▶ **What the task asks**
The reply needs the lines from the one containing "Тумба подвесная SMILE" through the end of the material, each repeated exactly, and no pictures.

▶ **Stored data**
◆ ◆ ◆ ◆ ◆ ◆ ◆

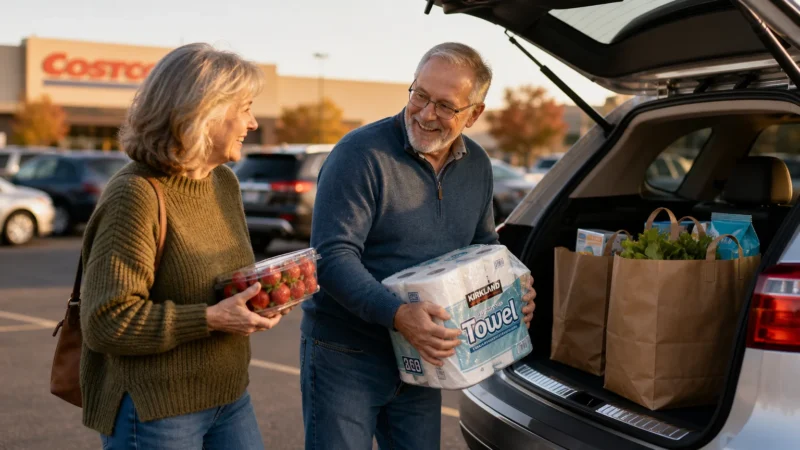 An older couple smiling as they load grocery bags and household essentials into the trunk of their car in a sunlit parking lot.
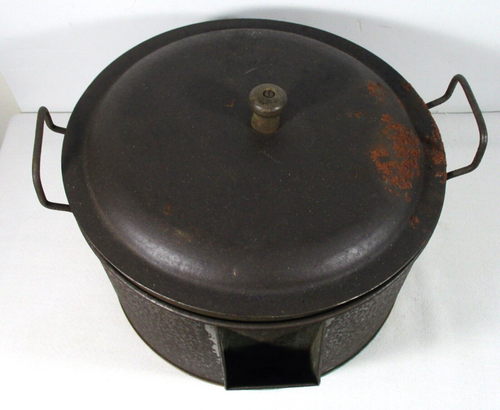 Antique Primitive Country Decor Tin Metal Vented Dough Riser Pan Copper Bottom - Picture 4 of 14
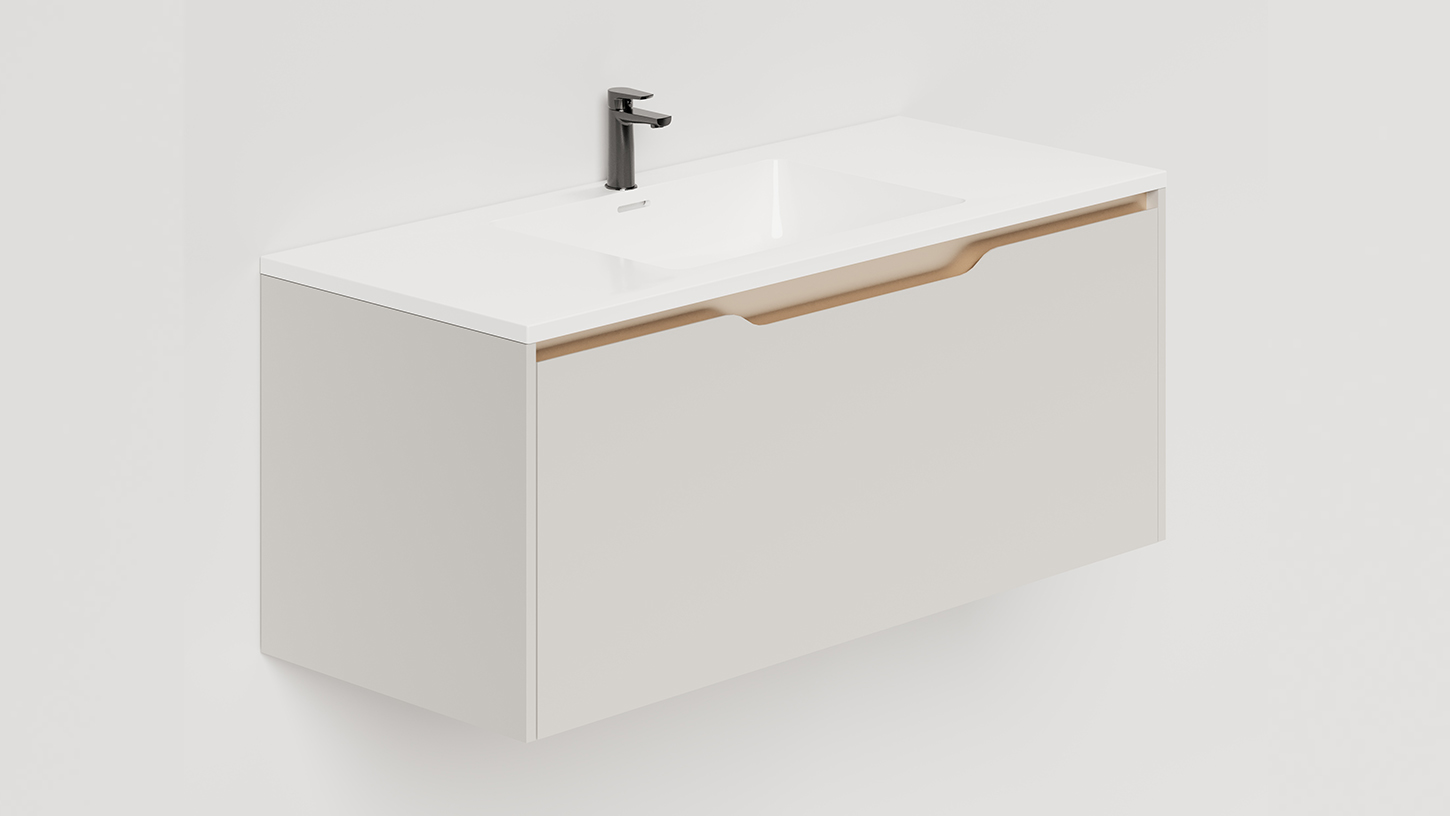 Тумба подвесная SMILE 100х50 МДФ эмаль Сreamy	 S1000C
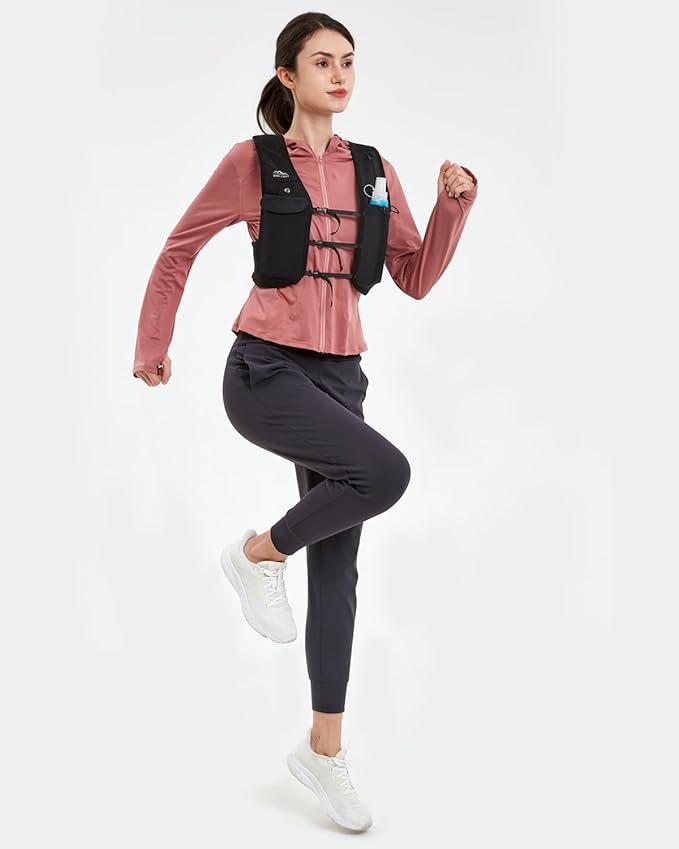 Zelvot Running Vest for Women Men, USA Original Patent, Adjustable Chest Straps Running Hydration Vest with 500ml Soft Flask, Lightweight Reflective Hydration Backpack for Marathon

◆ ◆ ◆ ◆ ◆ ◆ ◆

▶ **Task answer**
 Тумба подвесная SMILE 100х50 МДФ эмаль Сreamy	 S1000C
 Zelvot Running Vest for Women Men, USA Original Patent, Adjustable Chest Straps Running Hydration Vest with 500ml Soft Flask, Lightweight Reflective Hydration Backpack for Marathon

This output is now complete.